October 03, 2018

Kentucky Power Servicer Aids Co-Worker Facing Medical Emergency

As a servicer, Mark Elkins covers a familiar, but vast territory. He can go weeks without visiting the same communities. So when he found himself working in Salyersville, KY around lunchtime one day and spotted a Kentucky Power truck parked alongside the road, he thought he might get a co-worker to join him for lunch.

Instead, he became a hero when he found Pikeville technician Josh Smith collapsed on the ground by his truck in desperate need of medical attention. Elkins has received the American Electric Power Hero award for his efforts in assisting Smith.

Smith, 30, was suffering from a medical condition that caused internal bleeding. When he started feeling discomfort, he pulled his truck off the road, where he got physically sick, collapsed and started to lose blood. He was able to call 911, but was so disoriented he could not describe his location to emergency services. When Elkins found him, he was semi-conscious and hidden by tall weeds so passing motorists had no idea he was experiencing a medical emergency.

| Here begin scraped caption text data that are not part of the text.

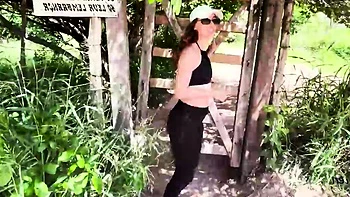 Il a joui dans mon cul brésilien serré pendant le vlog du camping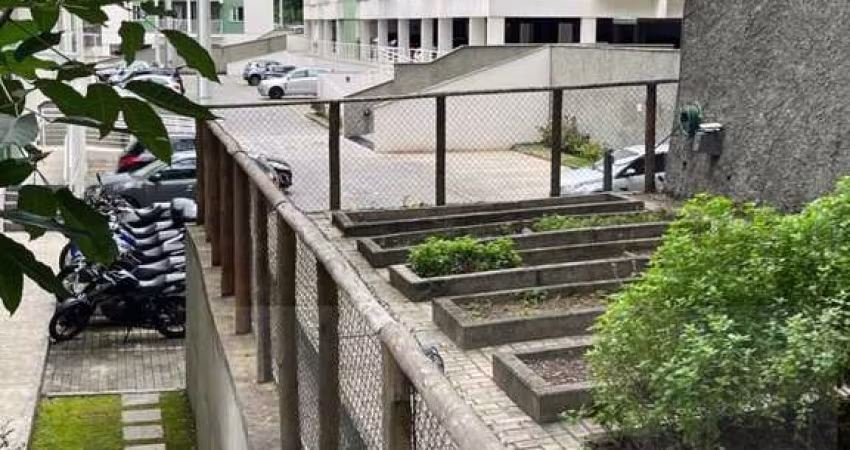 Apartamento para Locação em Petrópolis, Nogueira, 2 dormitórios, 1 banheiro, 1 vaga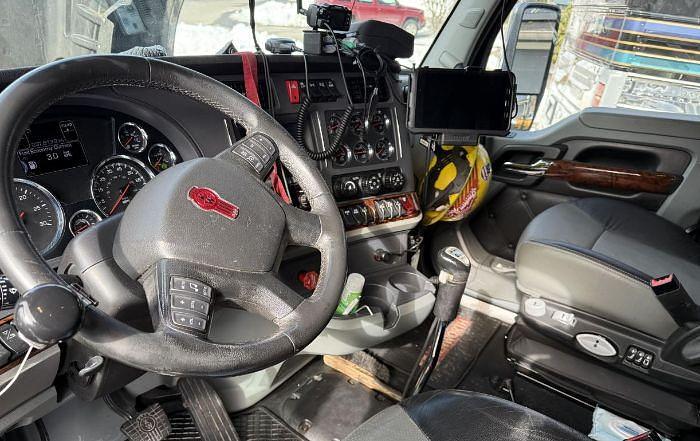 Used 2022 KENWORTH T880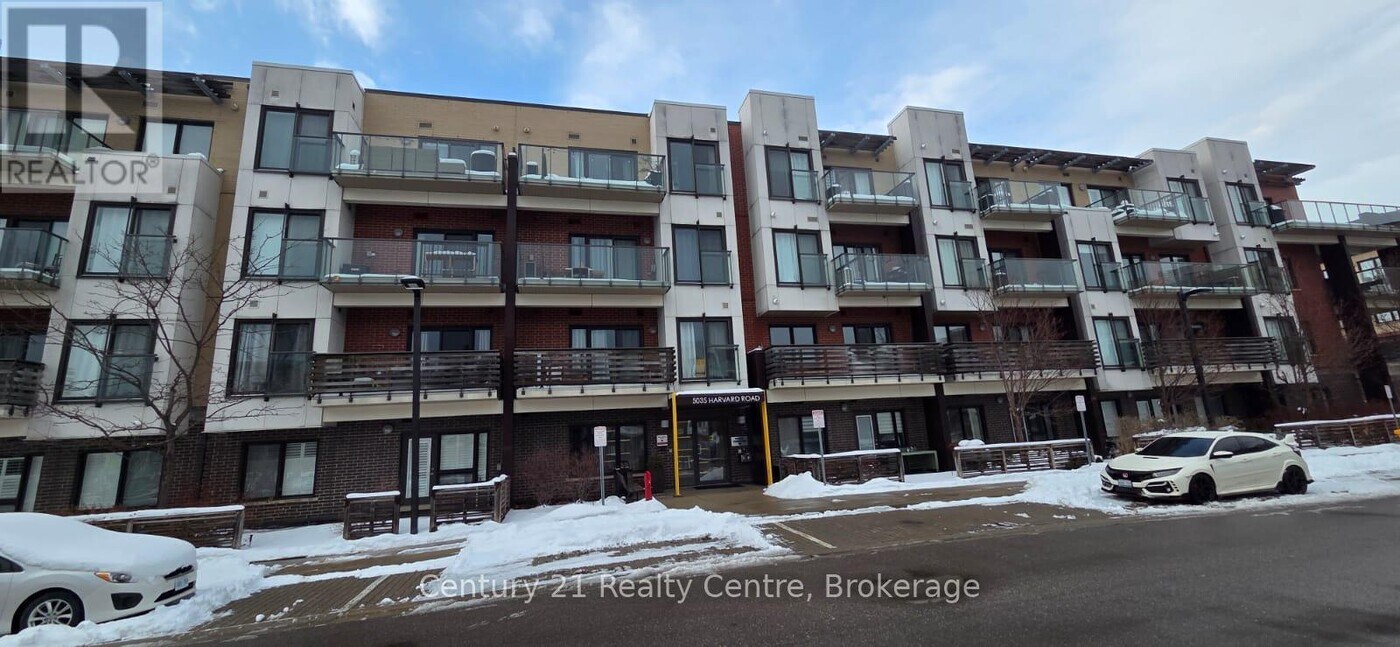 5035 Harvard Rd in Mississauga, ON - Building Photo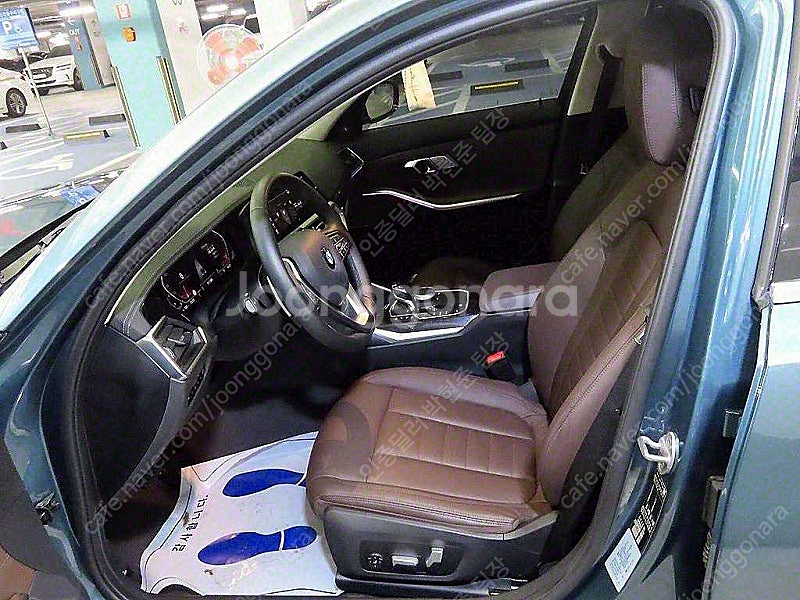 BMW 3시리즈 중고 BMW 320i 중고 승용차 파란색 2021년식 54,189km 320i 투어링 럭셔리 개인사...--7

“As I lay on the ground praying, I started to feel better and thought that I could drive to a gas station near my location, maybe wash my face and everything would be good again,” Smith said. “When I stood up, I began to feel dizzy and held on to the door of the truck, and the longer I stood the weaker I got.”

Smith looked at the ground where he was sitting and noticed blood. He knew driving wasn’t an option, so he laid down again and used his cell phone to call 911.

“As I was lying on the ground praying, God placed a peace over me and the next thing I know Mark is there to help,” Smith said. “…Mark walks around the truck…took over and was able to give directions to our location. He followed the ambulance to the hospital and stayed with me until my wife arrived.”

Elkins said he is humbled by the Hero Award and dismisses any praise for helping a co-worker.

“I was just at the right place at the right time,” Elkins said. “It was a bad situation and the bottom line is we got him the help he needed. I’m not in this area every day. I believe that I was guided that way.”

Kentucky Power President Matt Satterwhite, however, disagrees and said Elkins’ actions are worthy of praise.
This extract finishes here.